The Already and the Not Yet

My husband and I were recently discussing vacation plans for this year, and realizing all the limitations we were bumping up against.  Quebec City?  The kids don't have passports yet.  The Gulf of Mexico?  Our car isn't reliable enough, and have you seen rental car prices lately?*  Utah?  Have you seen flight prices lately?**  Also, there's the unknown of my Dad's condition. We know how he is now.  But how will he be in three months? In six?  We need to stay flexible. My husband will be extremely busy at work this summer.  And both our children will be enrolled in classes next year, so there's that factor: they'll have a more traditional school schedule starting in late August.

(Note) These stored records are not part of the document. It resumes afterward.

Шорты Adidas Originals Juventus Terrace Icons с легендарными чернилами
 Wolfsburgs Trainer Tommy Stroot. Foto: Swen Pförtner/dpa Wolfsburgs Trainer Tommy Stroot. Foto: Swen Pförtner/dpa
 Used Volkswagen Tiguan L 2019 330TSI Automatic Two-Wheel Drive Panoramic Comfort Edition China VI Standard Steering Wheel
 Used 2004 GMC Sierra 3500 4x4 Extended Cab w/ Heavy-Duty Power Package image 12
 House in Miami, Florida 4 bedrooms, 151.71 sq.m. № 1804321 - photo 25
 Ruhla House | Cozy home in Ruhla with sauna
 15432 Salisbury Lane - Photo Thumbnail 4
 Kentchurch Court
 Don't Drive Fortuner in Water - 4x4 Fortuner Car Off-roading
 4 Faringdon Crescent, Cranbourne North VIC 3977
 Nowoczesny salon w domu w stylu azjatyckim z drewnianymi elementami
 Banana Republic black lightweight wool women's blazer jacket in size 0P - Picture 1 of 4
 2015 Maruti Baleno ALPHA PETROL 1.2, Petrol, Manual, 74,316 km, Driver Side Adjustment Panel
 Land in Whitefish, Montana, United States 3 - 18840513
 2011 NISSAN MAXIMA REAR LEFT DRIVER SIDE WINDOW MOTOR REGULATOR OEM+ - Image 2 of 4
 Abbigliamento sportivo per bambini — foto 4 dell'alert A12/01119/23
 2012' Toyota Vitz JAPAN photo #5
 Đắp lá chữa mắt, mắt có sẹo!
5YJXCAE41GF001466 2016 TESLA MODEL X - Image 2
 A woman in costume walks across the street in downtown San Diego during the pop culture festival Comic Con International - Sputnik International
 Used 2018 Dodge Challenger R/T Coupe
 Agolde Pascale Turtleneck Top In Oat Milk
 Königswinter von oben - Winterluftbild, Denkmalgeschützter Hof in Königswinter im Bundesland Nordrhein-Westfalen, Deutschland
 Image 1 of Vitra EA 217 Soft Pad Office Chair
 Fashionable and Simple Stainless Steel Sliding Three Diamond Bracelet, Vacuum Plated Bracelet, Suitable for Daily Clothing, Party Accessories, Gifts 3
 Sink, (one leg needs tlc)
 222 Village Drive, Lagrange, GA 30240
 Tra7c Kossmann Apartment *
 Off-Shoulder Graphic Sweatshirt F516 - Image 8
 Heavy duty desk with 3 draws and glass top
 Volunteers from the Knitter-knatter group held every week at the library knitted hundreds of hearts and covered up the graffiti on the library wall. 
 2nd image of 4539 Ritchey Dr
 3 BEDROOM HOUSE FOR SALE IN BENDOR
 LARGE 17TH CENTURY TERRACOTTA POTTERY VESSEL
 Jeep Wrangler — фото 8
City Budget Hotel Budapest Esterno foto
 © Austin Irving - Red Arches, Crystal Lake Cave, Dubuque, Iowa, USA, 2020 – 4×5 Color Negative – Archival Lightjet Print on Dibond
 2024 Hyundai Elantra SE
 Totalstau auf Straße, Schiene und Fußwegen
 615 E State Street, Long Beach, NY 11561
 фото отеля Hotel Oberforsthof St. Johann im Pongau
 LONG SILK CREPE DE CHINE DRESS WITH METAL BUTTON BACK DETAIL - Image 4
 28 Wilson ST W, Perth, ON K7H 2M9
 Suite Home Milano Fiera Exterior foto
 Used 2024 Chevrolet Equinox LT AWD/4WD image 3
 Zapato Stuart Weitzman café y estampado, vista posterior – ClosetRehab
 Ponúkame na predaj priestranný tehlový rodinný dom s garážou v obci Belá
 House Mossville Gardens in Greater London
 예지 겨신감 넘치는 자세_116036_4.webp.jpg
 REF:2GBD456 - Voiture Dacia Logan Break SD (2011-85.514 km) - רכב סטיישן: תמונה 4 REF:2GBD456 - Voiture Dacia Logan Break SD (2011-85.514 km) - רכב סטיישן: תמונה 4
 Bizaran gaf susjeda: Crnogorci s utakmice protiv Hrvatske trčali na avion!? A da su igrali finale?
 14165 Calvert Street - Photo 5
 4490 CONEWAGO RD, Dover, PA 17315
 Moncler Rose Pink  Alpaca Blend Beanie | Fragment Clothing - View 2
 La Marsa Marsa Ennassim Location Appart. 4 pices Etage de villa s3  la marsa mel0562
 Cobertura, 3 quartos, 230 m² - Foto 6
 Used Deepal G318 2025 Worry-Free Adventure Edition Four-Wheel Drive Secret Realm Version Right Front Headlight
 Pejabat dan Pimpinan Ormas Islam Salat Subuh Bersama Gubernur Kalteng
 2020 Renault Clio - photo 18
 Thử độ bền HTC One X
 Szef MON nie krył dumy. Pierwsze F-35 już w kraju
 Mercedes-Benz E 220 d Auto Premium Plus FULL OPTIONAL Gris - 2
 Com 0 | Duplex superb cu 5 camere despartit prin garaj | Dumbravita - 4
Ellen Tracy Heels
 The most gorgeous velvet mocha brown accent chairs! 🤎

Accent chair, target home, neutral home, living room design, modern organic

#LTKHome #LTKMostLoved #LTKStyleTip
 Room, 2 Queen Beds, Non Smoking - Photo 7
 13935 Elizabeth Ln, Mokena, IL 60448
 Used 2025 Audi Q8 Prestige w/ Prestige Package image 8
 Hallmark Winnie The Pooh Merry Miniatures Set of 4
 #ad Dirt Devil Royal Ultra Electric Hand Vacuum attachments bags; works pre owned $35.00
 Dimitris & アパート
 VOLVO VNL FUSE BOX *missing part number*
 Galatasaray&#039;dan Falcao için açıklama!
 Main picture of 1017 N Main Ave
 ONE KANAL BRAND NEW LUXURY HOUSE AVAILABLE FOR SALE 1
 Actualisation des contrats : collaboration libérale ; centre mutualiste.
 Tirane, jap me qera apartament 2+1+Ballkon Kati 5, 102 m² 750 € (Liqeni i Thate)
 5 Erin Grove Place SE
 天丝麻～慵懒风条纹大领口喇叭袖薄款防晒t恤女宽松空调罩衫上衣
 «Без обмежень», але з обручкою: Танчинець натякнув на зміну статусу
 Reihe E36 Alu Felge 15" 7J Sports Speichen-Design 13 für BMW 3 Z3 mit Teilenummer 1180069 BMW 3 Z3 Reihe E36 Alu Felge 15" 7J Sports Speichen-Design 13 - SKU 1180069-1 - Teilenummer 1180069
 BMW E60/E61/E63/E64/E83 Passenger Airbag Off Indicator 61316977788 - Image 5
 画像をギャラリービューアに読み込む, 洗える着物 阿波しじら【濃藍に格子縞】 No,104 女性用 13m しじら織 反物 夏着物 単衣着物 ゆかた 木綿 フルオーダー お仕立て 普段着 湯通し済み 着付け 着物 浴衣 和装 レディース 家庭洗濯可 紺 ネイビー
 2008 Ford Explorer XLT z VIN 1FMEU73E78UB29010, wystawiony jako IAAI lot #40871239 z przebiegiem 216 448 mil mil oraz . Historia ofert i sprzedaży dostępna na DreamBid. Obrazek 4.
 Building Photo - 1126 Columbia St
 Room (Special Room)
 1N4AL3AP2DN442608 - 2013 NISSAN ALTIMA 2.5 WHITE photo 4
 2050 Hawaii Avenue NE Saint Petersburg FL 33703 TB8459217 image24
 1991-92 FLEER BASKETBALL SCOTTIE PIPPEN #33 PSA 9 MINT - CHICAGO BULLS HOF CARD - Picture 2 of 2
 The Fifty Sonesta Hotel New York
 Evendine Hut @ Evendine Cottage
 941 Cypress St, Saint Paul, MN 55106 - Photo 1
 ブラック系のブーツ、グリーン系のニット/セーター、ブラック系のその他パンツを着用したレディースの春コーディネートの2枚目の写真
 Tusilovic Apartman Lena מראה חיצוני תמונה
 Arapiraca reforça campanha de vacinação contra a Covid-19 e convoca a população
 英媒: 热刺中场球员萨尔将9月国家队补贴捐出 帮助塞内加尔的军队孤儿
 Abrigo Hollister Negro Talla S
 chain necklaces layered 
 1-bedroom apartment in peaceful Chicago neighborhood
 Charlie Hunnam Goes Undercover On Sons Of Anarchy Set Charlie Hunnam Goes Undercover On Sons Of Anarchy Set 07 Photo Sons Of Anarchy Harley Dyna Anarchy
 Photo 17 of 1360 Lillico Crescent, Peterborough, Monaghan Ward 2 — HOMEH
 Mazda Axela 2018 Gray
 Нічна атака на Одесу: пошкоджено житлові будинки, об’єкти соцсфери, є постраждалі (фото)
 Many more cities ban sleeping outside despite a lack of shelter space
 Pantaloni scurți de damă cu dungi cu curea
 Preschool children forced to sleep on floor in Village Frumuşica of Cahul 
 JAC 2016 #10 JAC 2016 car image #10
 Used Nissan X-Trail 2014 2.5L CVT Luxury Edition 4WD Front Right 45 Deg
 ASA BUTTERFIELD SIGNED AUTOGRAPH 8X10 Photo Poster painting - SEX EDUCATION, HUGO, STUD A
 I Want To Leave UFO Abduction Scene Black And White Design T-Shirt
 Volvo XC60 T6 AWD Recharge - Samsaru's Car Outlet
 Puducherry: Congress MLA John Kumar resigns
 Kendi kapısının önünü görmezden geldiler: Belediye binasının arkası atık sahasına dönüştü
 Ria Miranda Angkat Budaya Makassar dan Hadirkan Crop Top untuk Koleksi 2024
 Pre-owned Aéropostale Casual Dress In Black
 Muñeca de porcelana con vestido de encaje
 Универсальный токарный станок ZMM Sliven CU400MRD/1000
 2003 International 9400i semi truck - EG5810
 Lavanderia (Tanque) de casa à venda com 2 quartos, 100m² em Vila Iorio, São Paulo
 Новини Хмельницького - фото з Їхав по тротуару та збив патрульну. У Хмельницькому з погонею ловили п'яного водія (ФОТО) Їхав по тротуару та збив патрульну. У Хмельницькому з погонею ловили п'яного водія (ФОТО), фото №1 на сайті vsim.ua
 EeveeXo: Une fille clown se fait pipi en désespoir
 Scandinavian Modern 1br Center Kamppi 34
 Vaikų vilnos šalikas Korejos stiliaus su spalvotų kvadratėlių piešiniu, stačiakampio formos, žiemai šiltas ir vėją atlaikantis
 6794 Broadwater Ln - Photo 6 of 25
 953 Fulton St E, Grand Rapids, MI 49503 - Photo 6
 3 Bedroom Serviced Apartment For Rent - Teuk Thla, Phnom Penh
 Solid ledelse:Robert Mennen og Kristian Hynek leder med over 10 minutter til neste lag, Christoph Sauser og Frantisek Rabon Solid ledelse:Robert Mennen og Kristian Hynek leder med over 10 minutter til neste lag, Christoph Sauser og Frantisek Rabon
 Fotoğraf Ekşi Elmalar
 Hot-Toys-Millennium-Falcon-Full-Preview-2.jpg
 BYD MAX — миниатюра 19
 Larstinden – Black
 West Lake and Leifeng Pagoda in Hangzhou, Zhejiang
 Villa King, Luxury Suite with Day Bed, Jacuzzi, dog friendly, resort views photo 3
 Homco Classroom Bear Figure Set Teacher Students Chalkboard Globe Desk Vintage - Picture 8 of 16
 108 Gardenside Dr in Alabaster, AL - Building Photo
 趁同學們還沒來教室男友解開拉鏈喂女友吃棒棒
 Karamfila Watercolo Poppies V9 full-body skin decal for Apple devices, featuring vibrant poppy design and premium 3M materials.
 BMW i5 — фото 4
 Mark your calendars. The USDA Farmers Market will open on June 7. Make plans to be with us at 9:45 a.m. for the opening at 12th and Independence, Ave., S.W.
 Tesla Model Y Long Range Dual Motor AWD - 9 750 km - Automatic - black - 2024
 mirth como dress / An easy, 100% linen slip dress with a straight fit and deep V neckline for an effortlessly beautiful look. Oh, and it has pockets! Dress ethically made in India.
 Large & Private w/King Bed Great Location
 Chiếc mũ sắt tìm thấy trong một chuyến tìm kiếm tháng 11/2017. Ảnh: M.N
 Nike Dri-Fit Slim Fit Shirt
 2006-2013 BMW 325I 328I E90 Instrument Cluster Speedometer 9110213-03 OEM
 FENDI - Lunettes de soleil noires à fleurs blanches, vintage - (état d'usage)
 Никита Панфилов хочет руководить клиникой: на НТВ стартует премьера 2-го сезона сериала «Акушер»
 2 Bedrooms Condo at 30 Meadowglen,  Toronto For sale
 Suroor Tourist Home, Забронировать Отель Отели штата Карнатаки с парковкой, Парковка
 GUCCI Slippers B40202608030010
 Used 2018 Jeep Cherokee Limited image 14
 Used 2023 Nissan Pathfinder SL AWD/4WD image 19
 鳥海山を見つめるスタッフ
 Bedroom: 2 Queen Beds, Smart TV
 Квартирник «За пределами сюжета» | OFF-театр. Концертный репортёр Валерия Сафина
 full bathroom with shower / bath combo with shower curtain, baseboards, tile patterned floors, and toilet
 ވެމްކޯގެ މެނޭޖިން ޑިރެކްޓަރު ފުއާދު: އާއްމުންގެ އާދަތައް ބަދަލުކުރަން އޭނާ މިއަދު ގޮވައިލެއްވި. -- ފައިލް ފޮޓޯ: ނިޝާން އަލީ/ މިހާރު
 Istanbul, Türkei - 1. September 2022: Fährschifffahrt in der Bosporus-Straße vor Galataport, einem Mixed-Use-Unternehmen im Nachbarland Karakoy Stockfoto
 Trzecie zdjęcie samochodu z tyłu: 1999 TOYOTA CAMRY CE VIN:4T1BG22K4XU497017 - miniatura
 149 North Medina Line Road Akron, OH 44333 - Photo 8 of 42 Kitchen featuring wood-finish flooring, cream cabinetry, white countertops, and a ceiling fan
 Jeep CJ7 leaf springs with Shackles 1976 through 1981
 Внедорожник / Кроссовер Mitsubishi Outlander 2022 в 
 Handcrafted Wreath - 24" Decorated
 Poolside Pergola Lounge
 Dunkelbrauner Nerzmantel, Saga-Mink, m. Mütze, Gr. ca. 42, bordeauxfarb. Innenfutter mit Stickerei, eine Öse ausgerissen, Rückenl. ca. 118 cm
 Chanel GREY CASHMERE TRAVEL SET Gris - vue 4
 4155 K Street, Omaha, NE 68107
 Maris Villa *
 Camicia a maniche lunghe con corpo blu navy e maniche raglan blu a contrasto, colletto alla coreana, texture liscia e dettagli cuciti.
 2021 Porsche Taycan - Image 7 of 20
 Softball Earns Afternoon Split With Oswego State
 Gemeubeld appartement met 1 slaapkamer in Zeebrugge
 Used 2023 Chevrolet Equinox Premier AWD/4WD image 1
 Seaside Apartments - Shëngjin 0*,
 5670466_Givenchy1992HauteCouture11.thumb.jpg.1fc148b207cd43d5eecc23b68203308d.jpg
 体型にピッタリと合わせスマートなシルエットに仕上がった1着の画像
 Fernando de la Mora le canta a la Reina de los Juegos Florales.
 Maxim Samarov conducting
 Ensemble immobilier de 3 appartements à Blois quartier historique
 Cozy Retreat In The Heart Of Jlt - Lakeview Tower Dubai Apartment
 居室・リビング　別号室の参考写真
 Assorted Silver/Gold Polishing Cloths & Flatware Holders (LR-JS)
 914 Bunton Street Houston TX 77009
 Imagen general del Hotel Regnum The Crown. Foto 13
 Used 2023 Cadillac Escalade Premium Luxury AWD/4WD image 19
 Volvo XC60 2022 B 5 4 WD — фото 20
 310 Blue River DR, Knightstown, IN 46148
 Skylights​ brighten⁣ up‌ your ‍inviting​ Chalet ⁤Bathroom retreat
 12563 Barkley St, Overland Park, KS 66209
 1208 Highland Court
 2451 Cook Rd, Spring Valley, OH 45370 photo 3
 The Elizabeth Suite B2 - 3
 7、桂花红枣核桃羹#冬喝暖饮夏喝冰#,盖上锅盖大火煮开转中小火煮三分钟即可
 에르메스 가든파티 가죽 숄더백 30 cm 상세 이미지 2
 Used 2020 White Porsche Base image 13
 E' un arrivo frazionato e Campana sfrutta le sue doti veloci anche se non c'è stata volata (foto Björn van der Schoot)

And, finally, I am already doing lots of traveling back and forth to Charleston. So. We wait. We decided to probably take a "staycation" here in late August, and just see how everything unfolds.  

{my dad's senior portrait!}

We have been in this place before, and I think it's a place of growth.  I do not believe that it's spiritually healthy to be always able to choose what you want to do, all the time.  I have seen this before in times of uncertainty, and I know we will see it again and again: the unique grace of dwelling in the unknown spaces.  It brings to mind the idea of living in the already, but the not yet.  That is a place of faith all believers have to dwell in at various points in life, and my own experience is that it's the place of good, hard growth.  The pruning and the waiting and the believing.  

{spending a late winter day up on the mountain my in-laws own--that's my father-in-law as guide!}

God provides what we need, when we need it.  He goes before us to pave the way.  This has always been the case.  


{sunset at home}

So as badly as I'd like to go Somewhere New and get some wind in my sails, I feel called to contentment in this season of waiting. And I do see what God is doing in all our hearts.  He's making room for the unknown.  He's cultivating faith in us that all things do work for good.  He's turning our minds and hearts to Him: reminding us that life will happen the way He plans it, in His time.  

{quilt top I found in my other grandmother's attic}

So we are devoting ourselves to living well here in the already, and hoping for good and beautiful things in the not yet.  

*This is due to the current car shortage.

**This is due to the extraordinary price of fuel!